The two schools are less than four miles apart. But what separates Lower Merion High from Overbrook High is more than distance.
On a balmy night in early September, the parents of new freshmen are streaming through Lower Merion’s gleaming glass doors. They file down the halls into a soaring auditorium that smells like a new car. There, Principal Sean Hughes welcomes them to a brand new building and a world of high expectations.
“There’s a pool, there’s a greenhouse, there’s a courtyard. All of the classrooms are state-of-the-art, with the kind of technology you’d expect to find at a university,” he said. Lower Merion is the region’s highest-spending district, and it shows. But tonight, Hughes and his staff spend almost no time talking about their impressive new facility.
Instead, they talk about people. For a full hour, they lay out the web of support that helps keep the school’s graduation rates near 100 percent, with eight out of ten graduates going to four-year colleges.
They describe supervised study halls, teachers’ office hours, and a battery of counselors and services. They introduce online report cards and assignment guides. They promise every child a personal counselor, scheduled guidance meetings, and a laptop computer to access the school’s digital network.
In the audience is Juanita Kerber, a new resident whose daughter just finished four happy years at a Philadelphia public school, Greenfield Elementary. Her qualms about the transition didn’t last long. “I met with her guidance counselor last week,” Kerber said. “And she said to Jasmine, ‘With your grades, have you ever considered honors classes?’ Instantly, I felt that the support was here to make you better than what you are.”
Also here are Sharon and Jerry Jacobs, who are sending their second child to Lower Merion. “The school won’t let the kids fall through the cracks,” said Sharon. “They’ve got the resources, and the expectation is for them to live up to their abilities.”
“Nobody likes paying taxes,” he said. But the school’s high quality draws people, and “the property values more than compensate for the investments.”
In nearby Ardmore, Alicia Goff lives with her father in a modest twin on a quiet street. The Lower Merion senior is happy in school and excited about her prospects. But she says her story could have been much different if the district hadn’t intervened in middle school, when her reading problems emerged. Her teachers steered her into a special class. “I hated it,” she said. “But it worked.

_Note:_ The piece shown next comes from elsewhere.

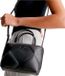 Calvin Klein Tote Matelasse Zwart Polyester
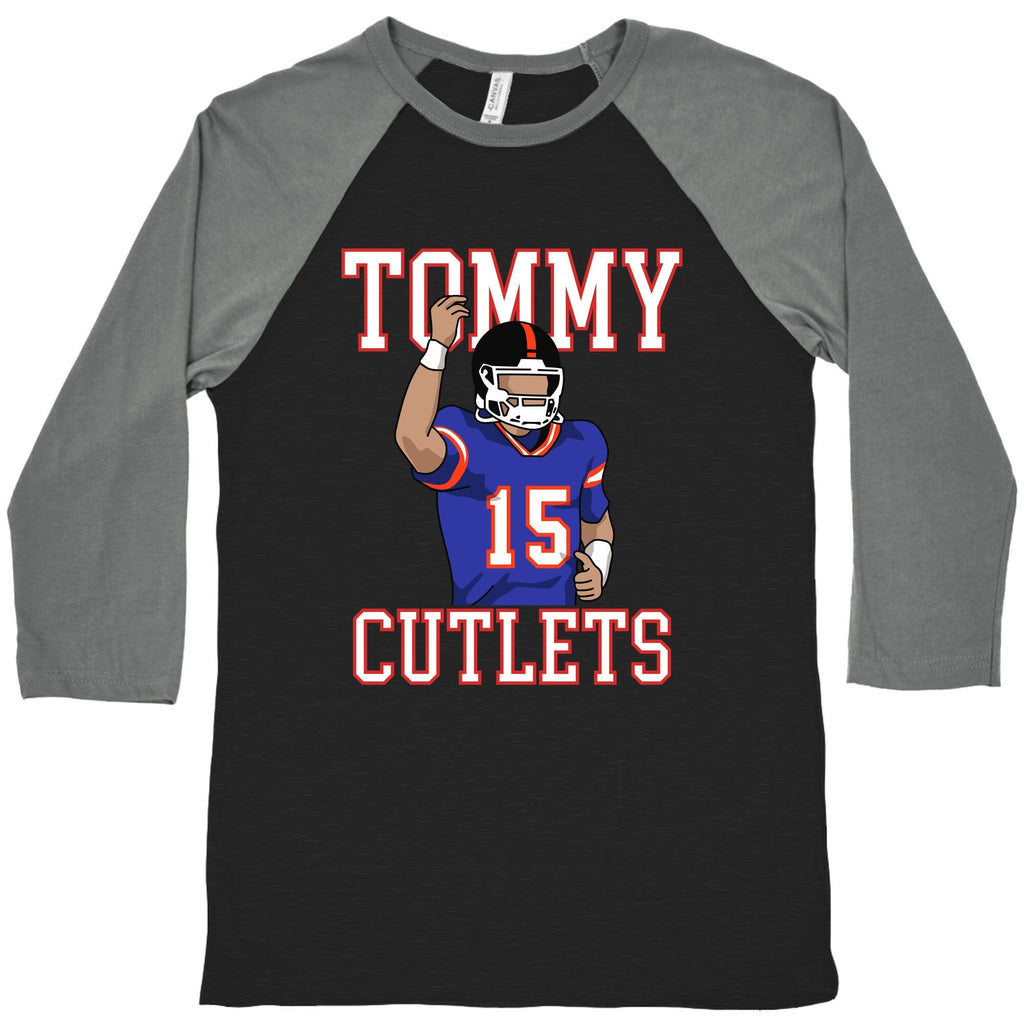 Tommy Cutlets DeVito Baseball Tee Unisex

I’m really grateful for that.”
Once in high school, focused attention and a carefully constructed curriculum got her past her academic problems. “They do consistency,” said her father, Roger. “And they can afford to sustain it, where other schools would just let it fall apart.”
Alicia knows she’s fortunate. “I have friends in the Philly system,” she said. “My friend was telling me about the cafeteria in her school. A bunch of the stools were broken, and there was nowhere to sit. The school would say, ‘We had to spend the money on textbooks.’
“It’s a whole different world,” said Alicia – just a few minutes away.
Markeeta Hudgens agrees. “Lower Merion is not far from Overbrook High School – not far at all,” she said. “How can you be not even 10 minutes away from another school, and have so much less?”
Hudgens, who graduated from Overbrook last June, is asking a profound question.
Wealthy, White suburban school districts abut poor ones serving students of color all over the country, and it’s common to see stark differences in their property values and their ability to raise taxes to pay for schools.
Years of government policies at all levels played a role in those divides, though they sometimes seem like part of the natural order. But many young people, like Hudgens, see the unfairness in it.
Now, a few days after Labor Day, she’s sitting in a lounge at Cheyney University. College was a priority she set for herself. “I know it sounds crazy, but in many people’s lives, we don’t have people pushing us,” she said. “Even our parents.”
Hudgens credits Overbrook with providing just enough. Honors classes honed her writing skills. Hard-working teachers gave her respect and support. Advisors in the Student Success Center – a room with a handful of computers and a small staff, funded by a federal grant, open to students on their lunch breaks – guided her through college applications. “It would have been hard, doing it alone,” she said. “It would have got done, but maybe not in this way.”
But she also feels keenly that at a school with a 47 percent graduation rate, she’s the exception, not the rule.
“Kids get scared. They don’t know if they can make it,” she said. “With their fear, they pull out.”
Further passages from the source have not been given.